With prices going up, some Americans are changing the way they spend their money.
"Ground beef is up, sausage is up, pasta is up," Christine Zamperini said. "Hundred dollars right there."
A recent Harris Poll for Bloomberg News showed 84% of respondents plan to tighten up the pocketbook in a fight against inflation.
Eating out was one luxury in the crosshairs, as well as attending experiences like concerts and sports. But some are cutting essentials too.
"They're skipping meals, they're reducing foods they would normally buy, they are now shopping at places they maybe wouldn't shop at," said the University of Kentucky's Dr. Alison Gustafson, with the Department of Nutrition and Food Science. "And they're buying less food because they have to."
Others are trying to figure out ways to bring more money into their household budgets.
It can be as simple as finding better pricing.
In Detroit, Gloria Berry is driving to suburban Dearborn to save on gasoline.
"I know their gas is always cheaper than everybody else back there in Detroit, they got the cheapest gas," she said. "Sometimes I go out the way to come get it ... Save a lot of money."
In Florida, homeowner Mark Boos is looking to the sky to help make ends meet. He's gotten solar power to cut his energy expenses in half.
"Well, I looked into it and it seemed very economical," he said. "Worth it down here. We are in the Sunshine State."
Boos had solar panels put on the roof of his St. Lucie, Florida home, which faces south and west, giving him all the power he and his wife need for less money.
"It makes a lot of sense," Mark's wife, Lisa Boos, said. "You're getting free energy — obviously you have to pay for the panels."
In Tampa, desperation drove Wanda Landin to post on a Facebook page for moms, writing she needed a roommate to help pay the rent.
"I honestly found myself in a situation thinking that I was going to be sleeping in my car with my daughter," she said.
Landin's post led her to another single mom, who was also looking for a roommate.
"I feel like having a second mom, in my situation, it's going to be extremely helpful, not just financially, but because we can tackle the kids together," Landin said. "You know, so I feel like even though it's not ideal, I think it's something that I could get accustomed to because I have help.

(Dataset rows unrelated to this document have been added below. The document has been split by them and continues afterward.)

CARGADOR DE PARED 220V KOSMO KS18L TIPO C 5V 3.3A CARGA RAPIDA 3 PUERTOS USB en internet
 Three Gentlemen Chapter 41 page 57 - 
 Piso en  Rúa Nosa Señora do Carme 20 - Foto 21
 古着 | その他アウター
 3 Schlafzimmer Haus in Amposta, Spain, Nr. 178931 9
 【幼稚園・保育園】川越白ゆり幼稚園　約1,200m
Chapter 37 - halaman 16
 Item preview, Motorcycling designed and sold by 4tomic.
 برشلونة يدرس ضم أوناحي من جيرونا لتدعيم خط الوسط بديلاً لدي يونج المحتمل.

You know, you have help around the house, you have help rearing the children."
In Arizona, pool owner Louis DiCamillo is finding extra cash in his backyard.
"They'll just 'beep, boop' it into this pad lock and open the door," he said.
He charges $45 per hour to rent out his pool on weekdays, $50 on weekends and holidays.
"'Oh wow, this is such a cool backyard,' that kind of excitement — we feed off it, I guess," DiCamillo said.